La triangulation Maroc-France-Algérie n’est jamais neutre, et si un équilibre avait su et pu être maintenu des décennies durant par des présidents français conscients et fins connaisseurs de la grande Histoire et des petites histoires, le volontarisme précipité du locataire actuel du palais de l’Elysée l’aura fait voler en éclats. Cela est d’autant plus important si on garde à l’esprit le nombre de 10 millions de Français ayant une relation avec l’Algérie, et si on y ajoute les Marocains, cela fait 20% de la population française, ce qui explique la « radicalisation » de la classe politique hexagonale et la bascule de plus en plus ouvertement « raciste » d’une partie de sa population et de ses médias.
Emmanuel Macron dit que « la France ne peut se penser sans l’Algérie » et inversement. Or, il est le président de la France, qu’il veut « penser ». Ayant intimement lié les sorts et les devenirs de la France et de l’Algérie, il doit concentrer son attention sur la seconde. Dans cette triangulation France-Maroc-Algérie, il n’aura pas tant « choisi » l’Algérie que la France mais dans les deux cas, il occultera le Maroc qui ne présente pas autant d’intérêt pour le pensé et l’impensé en France. Et si le Maroc maintient sa position sur la définition de ses relations et partenariats à l’aune du Sahara, et étant entendu que M. Macron, pour penser la France, devra penser l’Algérie, il ne s’engagera pas dans la direction voulue par le Maroc.
Les relations entre Rabat et Paris connaîtront pour au moins les quatre ans à venir un éloignement profond, un creux abyssal. Le Maroc devra, quant à lui, pendant ce temps, par prudence et par vision stratégiques, se penser autrement, et se penser hors de la France, du français, de la culture et de l’économie françaises. Cela sera brutal, cela passera par le politique, puis l’économique, et fatalement le culturel. Et la très hypothétique visite d’Emmanuel Macron au Maroc, si elle vraiment lieu, n’y changera rien.

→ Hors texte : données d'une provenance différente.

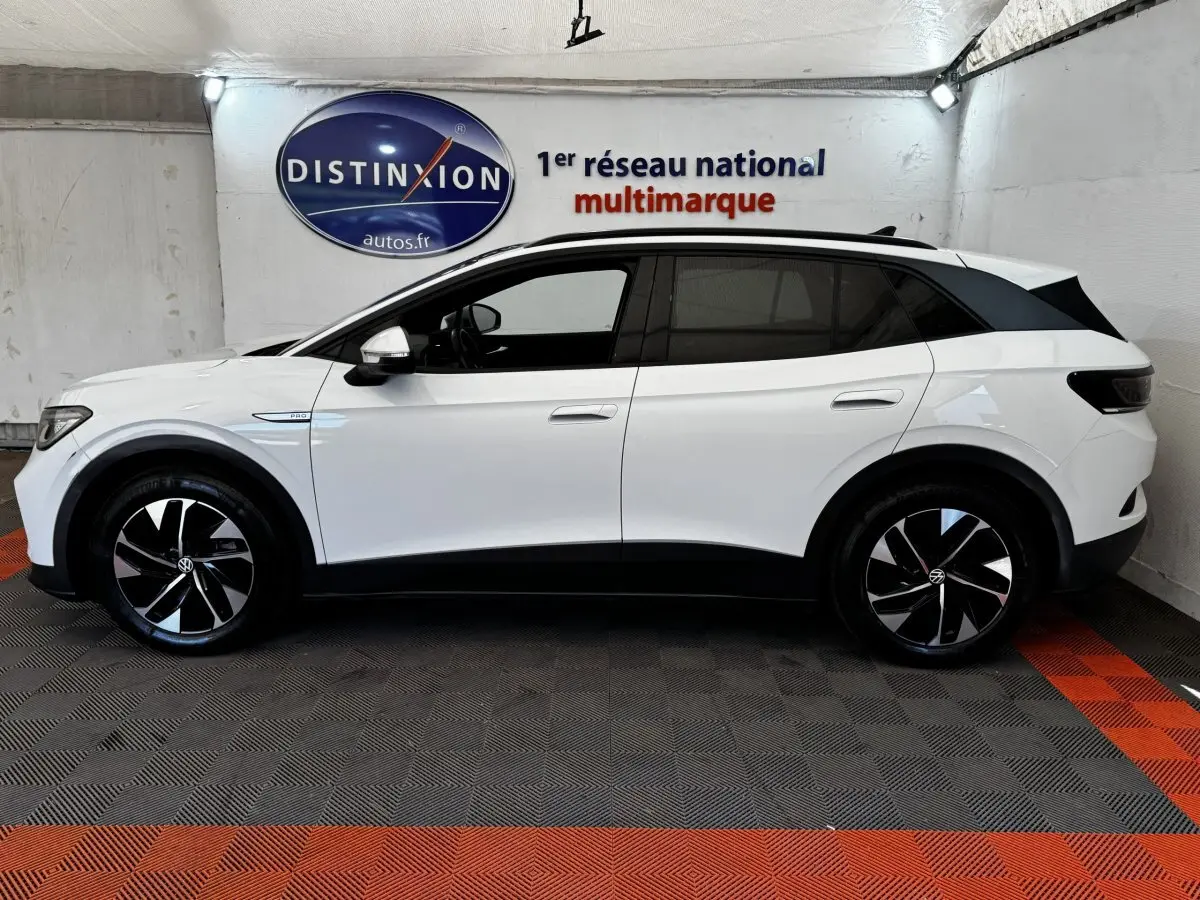 Vue de profil côté gauche d'un Volkswagen ID.4 blanc avec jantes noires et toit noir dans un showroom.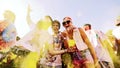 A guy throws yellow powder in the air at holi colour festival in slow motion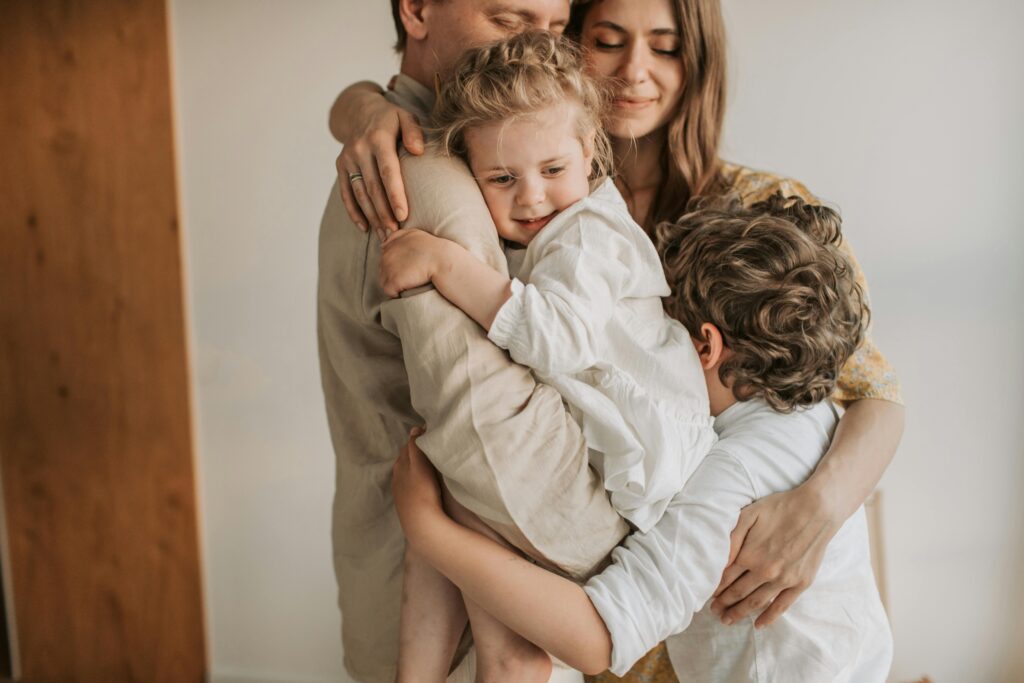 Family embracing in a warm moment.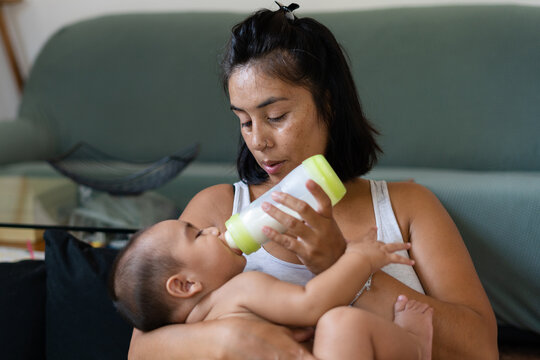 A mother feeds her baby 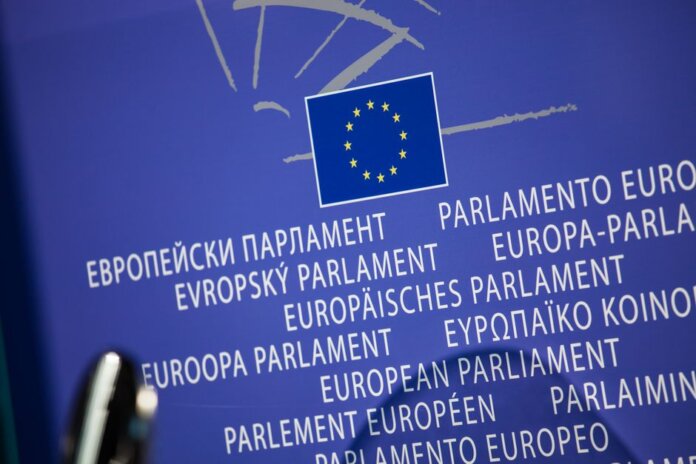 Close-up view of the European Union flag with multilingual text showing European Parliament. Close-up view of the European Union flag with multilingual text showing European Parliament.
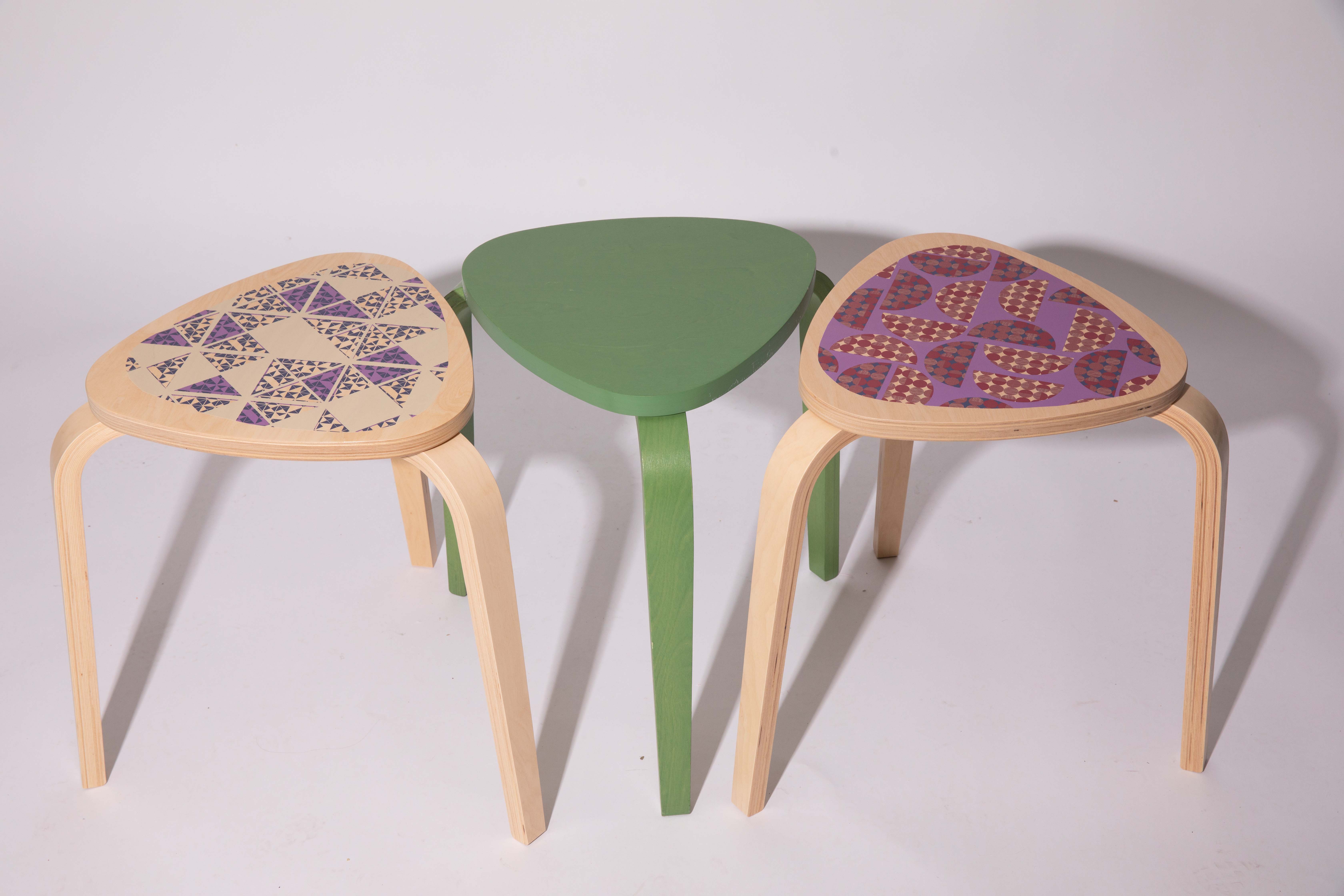 Three triangular stools arranged together on a light background. The left stool has a patterned seat in purple and beige, the center stool is painted green, and the right stool features a purple and orange geometric design.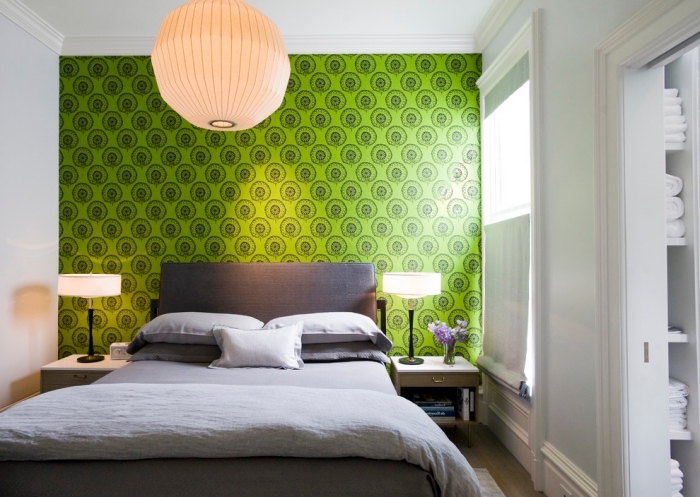design petite chambre aux murs blancs avec pan de mur en papier peint de couleur vert anis, modèle grand lit gris anthracite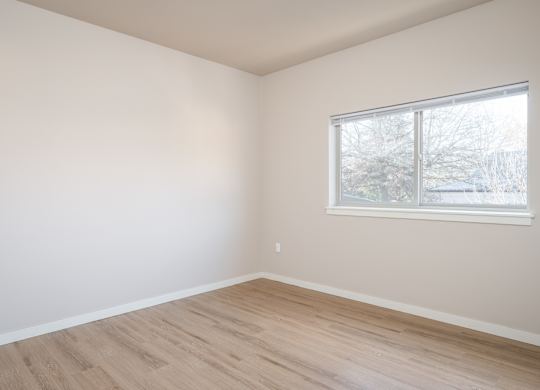 an empty room with wooden floors and a window
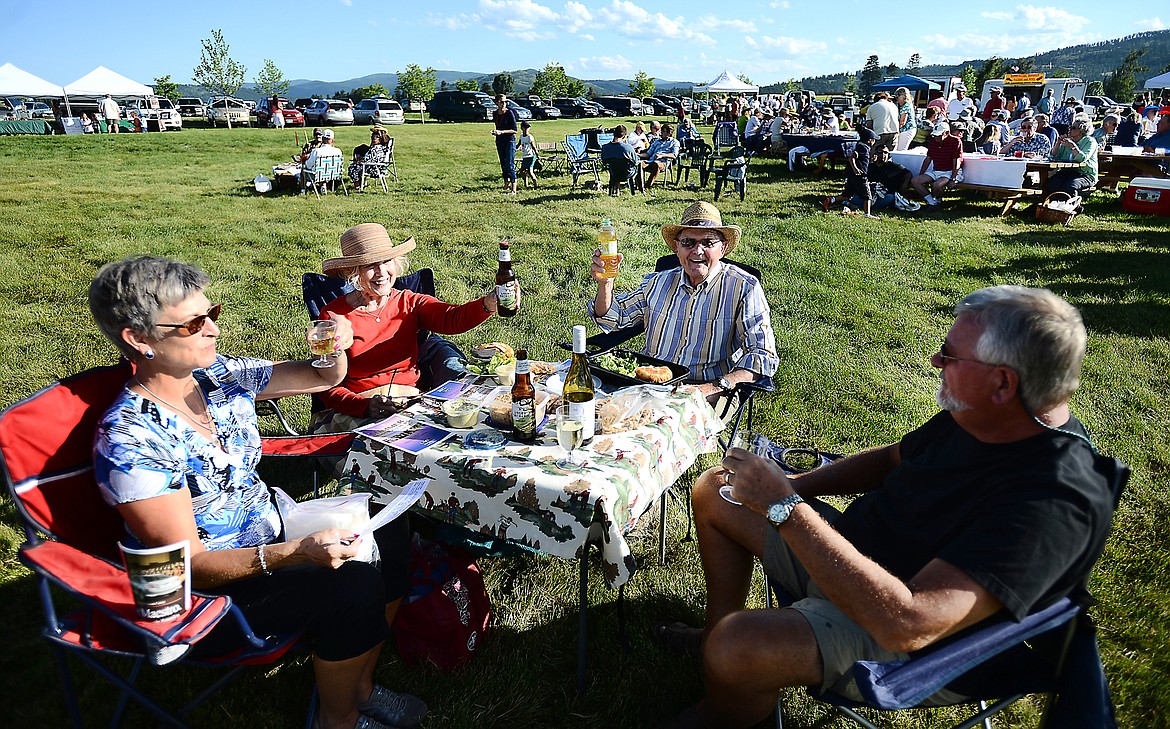 GUESTS AT a 2016 summer pops concert enjoy a picnic meal &#151; and a few beverages &#151; during the show. (Brenda Ahearn photos/This Week in the Flathead, file)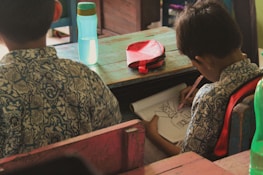 Two children in patterned shirts are seated at wooden desks. One is drawing in a notebook with a pencil, focusing intently on the task. A blue water bottle and a red pencil case are on the desk.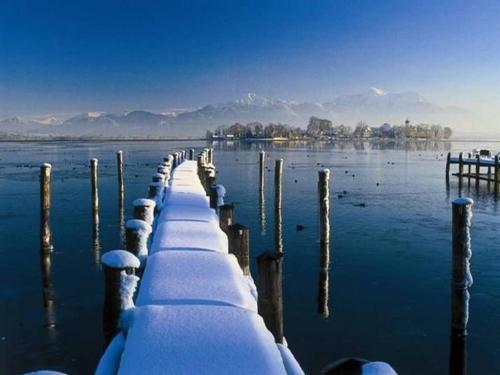 a dock covered in snow on a body of water at Eco-friendly chalet near the lake in Asten in Tittmoning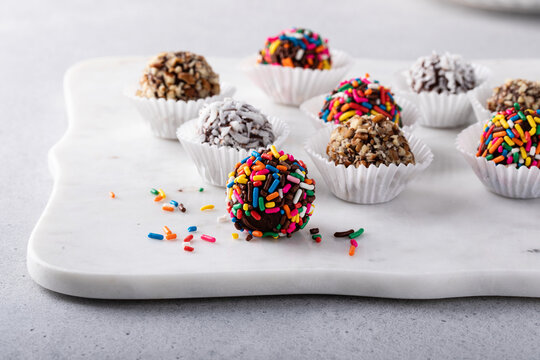 Homemade chocolate truffles covered with sprinkles and nuts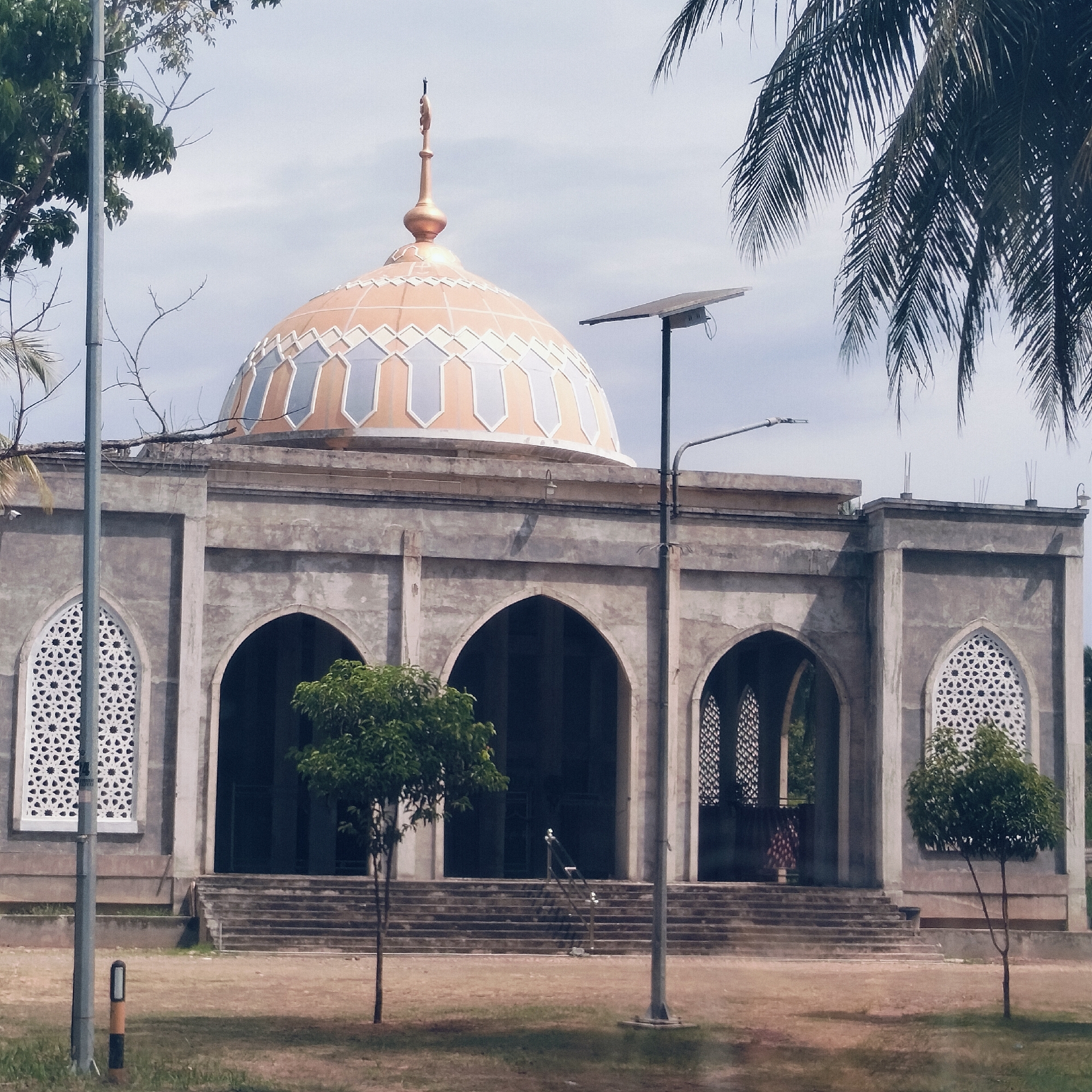 The image displays a mosque in Cottupah, Indonesia, under a bright, overcast sky. The central structure features a large, ornate dome, predominantly orange-gold with intricate grey and white geometric patterns, topped by a golden finial. The building's facade is constructed from grey concrete, presenting a series of symmetrical arched openings and two distinct windows with elaborate white geometric lattice designs on either side. Concrete steps lead up to the mosque's entrances from a grassy-dirt foreground.
Two utility poles are visible; one on the far left, partially obscured by a tree, and another on the right featuring a solar panel and a light fixture. Green foliage dots the scene, including a larger tree on the left, several smaller trees in front of the mosque, and a large palm frond arching into the frame from the right. A faint figure in patterned clothing can be discerned within one of the arched doorways on the right side of the building.
The scene conveys a sense of calm and stillness, indicative of daytime, possibly late morning or early afternoon, given the diffused light. No specific activity or event is taking place, and no visible text appears in the image. The architectural style, including the dome and arched elements, is characteristic of Islamic design.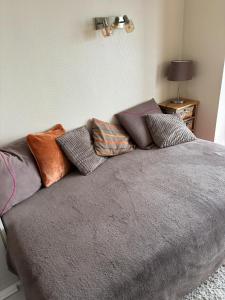 ein Bett mit einem Haufen Kissen drauf. in der Unterkunft Studio op achtste verdieping op de zeedijk met fenomenaal zeezicht voor 2 personen in Middelkerke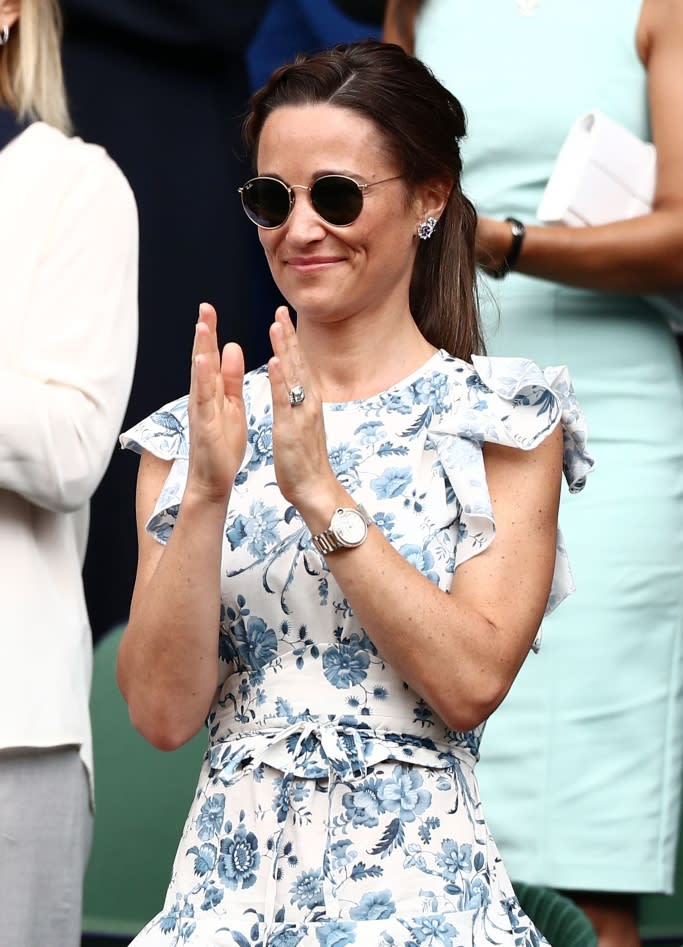 Pippa Middleton wearing a ruffly white and blue floral print dress, sunglasses and a Cartier watch at Wimbledon. - Credit: Shutterstock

M. Macron commet l’erreur historique de s’arrimer et de soumettre son pays à un régime militaire, forcément éphémère, rejeté par son propre peuple, suscitant la méfiance sur le continent africain ; il s’éloigne de ce fait d’un autre pays qui, malgré ses manquements et ses défaillances, s’inscrit dans une continuité historique et plonge résolument dans sa profondeur africaine et dans ses racines arabes. Dans les cinq ans à venir, la configuration franco-maghrébine sera très profondément altérée, significativement et durablement bouleversée du fait des erreurs de jugements et des errements « refoulés » du président français.